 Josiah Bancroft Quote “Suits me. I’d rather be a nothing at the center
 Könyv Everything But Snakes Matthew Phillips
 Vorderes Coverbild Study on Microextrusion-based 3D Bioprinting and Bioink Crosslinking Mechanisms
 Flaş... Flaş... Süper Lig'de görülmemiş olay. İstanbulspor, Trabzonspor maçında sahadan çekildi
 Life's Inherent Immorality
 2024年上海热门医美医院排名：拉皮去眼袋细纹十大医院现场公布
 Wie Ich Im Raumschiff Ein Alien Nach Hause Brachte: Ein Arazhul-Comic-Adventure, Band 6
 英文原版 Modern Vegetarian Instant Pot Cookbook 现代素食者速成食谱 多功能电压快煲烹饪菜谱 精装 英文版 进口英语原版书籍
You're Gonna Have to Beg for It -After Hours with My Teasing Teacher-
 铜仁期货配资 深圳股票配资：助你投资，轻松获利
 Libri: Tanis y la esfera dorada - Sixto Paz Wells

_ _ _ _

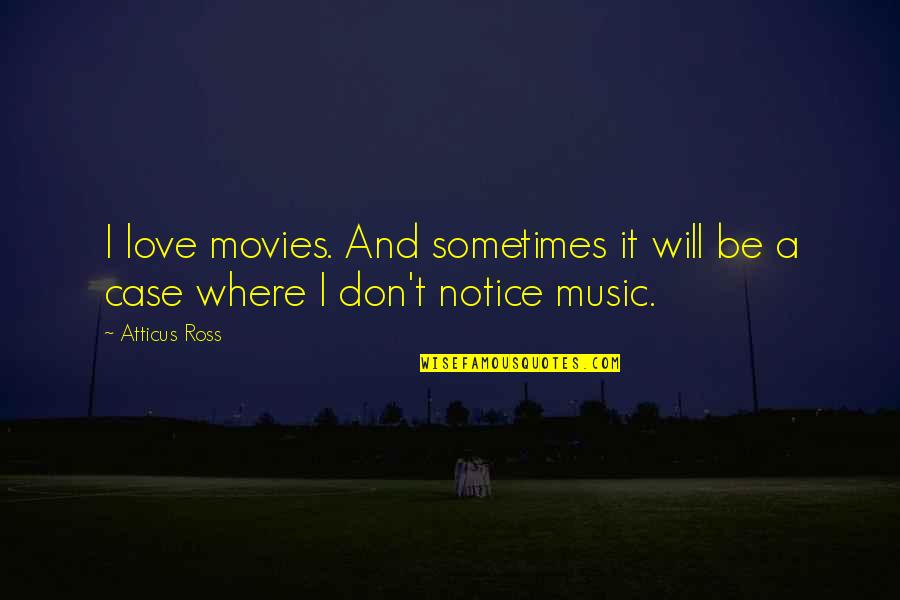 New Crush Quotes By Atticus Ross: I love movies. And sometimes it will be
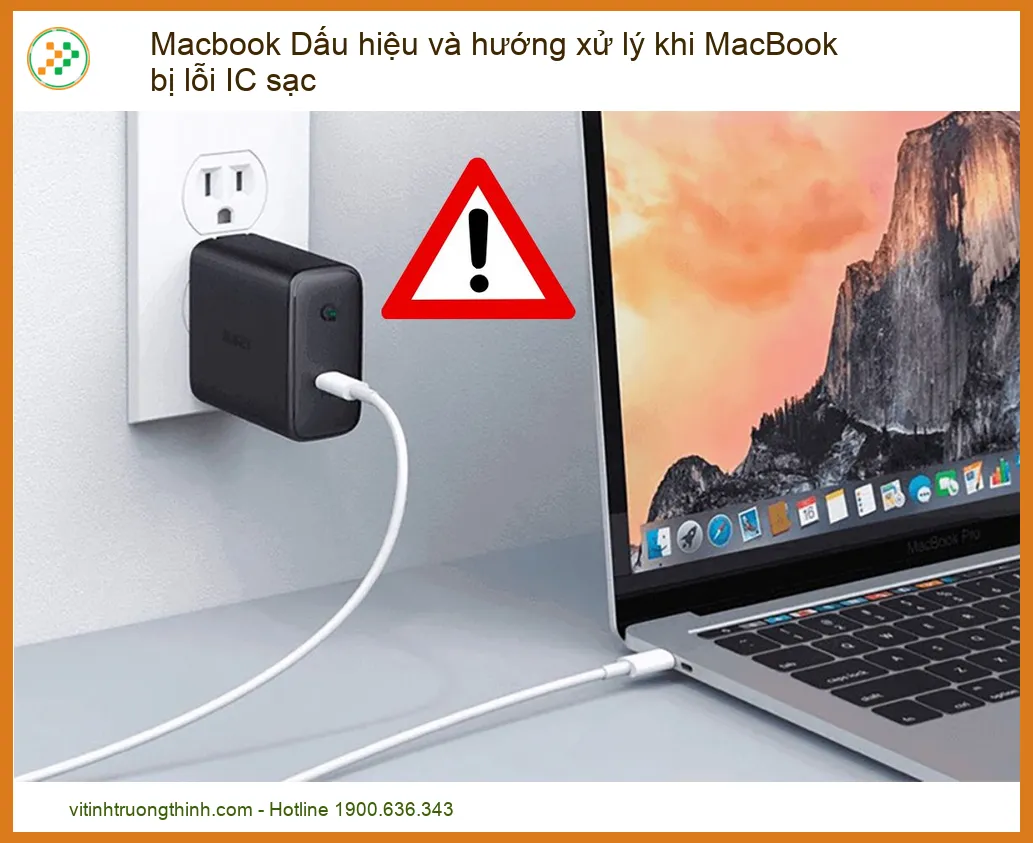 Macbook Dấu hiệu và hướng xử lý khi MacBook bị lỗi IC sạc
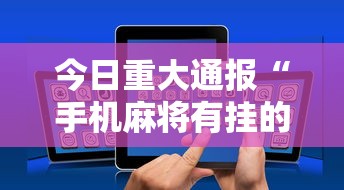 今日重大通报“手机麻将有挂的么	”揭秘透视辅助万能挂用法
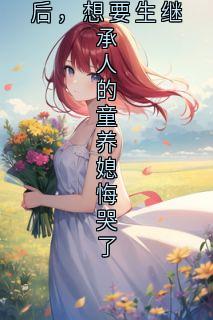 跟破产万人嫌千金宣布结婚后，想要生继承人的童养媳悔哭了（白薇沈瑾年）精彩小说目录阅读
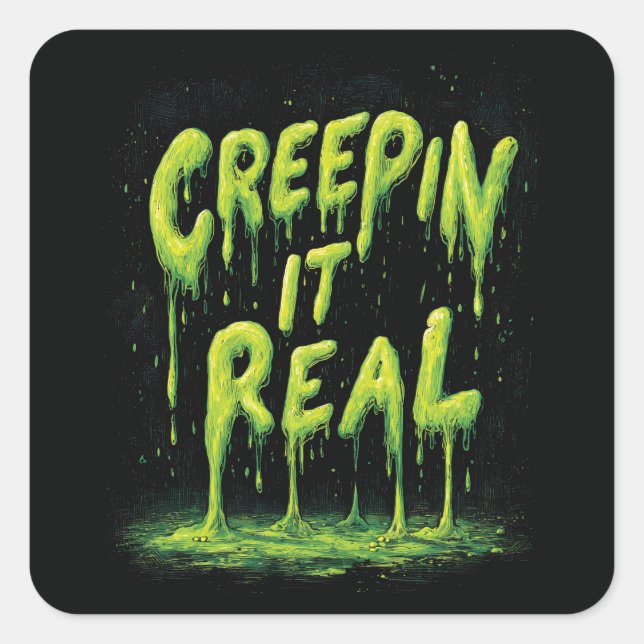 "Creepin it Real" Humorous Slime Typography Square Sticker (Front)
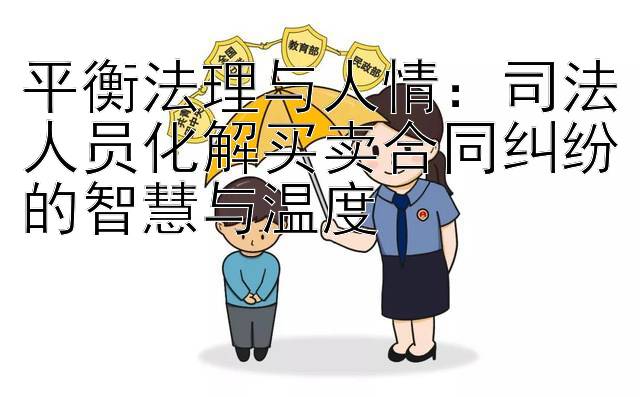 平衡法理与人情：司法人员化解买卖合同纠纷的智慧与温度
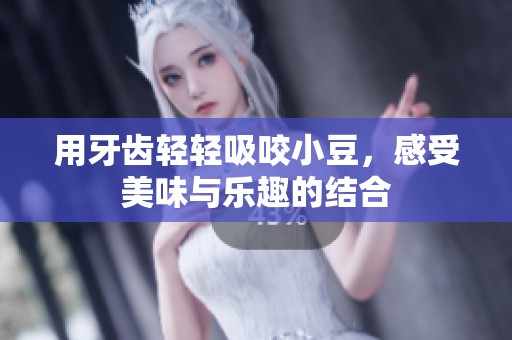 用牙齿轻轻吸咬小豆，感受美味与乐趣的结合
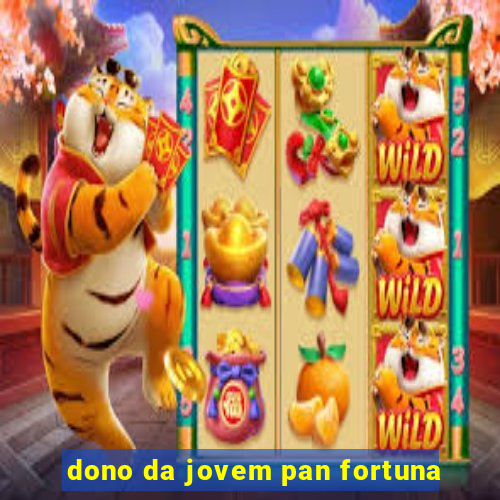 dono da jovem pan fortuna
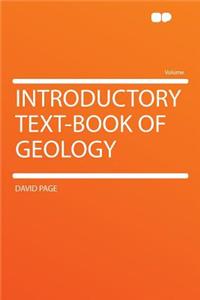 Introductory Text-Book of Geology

_ _ _ _

▶ _REQUIREMENT_
Reproduce only the lines above, starting at the line with "Josiah Bancroft Quote" and ending at the line with "Libri: Tanis y", exactly as written.

▶ _REPLY TO THE EXERCISE_
 Josiah Bancroft Quote “Suits me. I’d rather be a nothing at the center
 Könyv Everything But Snakes Matthew Phillips
 Vorderes Coverbild Study on Microextrusion-based 3D Bioprinting and Bioink Crosslinking Mechanisms
 Flaş... Flaş... Süper Lig'de görülmemiş olay. İstanbulspor, Trabzonspor maçında sahadan çekildi
 Life's Inherent Immorality
 2024年上海热门医美医院排名：拉皮去眼袋细纹十大医院现场公布
 Wie Ich Im Raumschiff Ein Alien Nach Hause Brachte: Ein Arazhul-Comic-Adventure, Band 6
 英文原版 Modern Vegetarian Instant Pot Cookbook 现代素食者速成食谱 多功能电压快煲烹饪菜谱 精装 英文版 进口英语原版书籍
You're Gonna Have to Beg for It -After Hours with My Teasing Teacher-
 铜仁期货配资 深圳股票配资：助你投资，轻松获利
 Libri: Tanis y la esfera dorada - Sixto Paz Wells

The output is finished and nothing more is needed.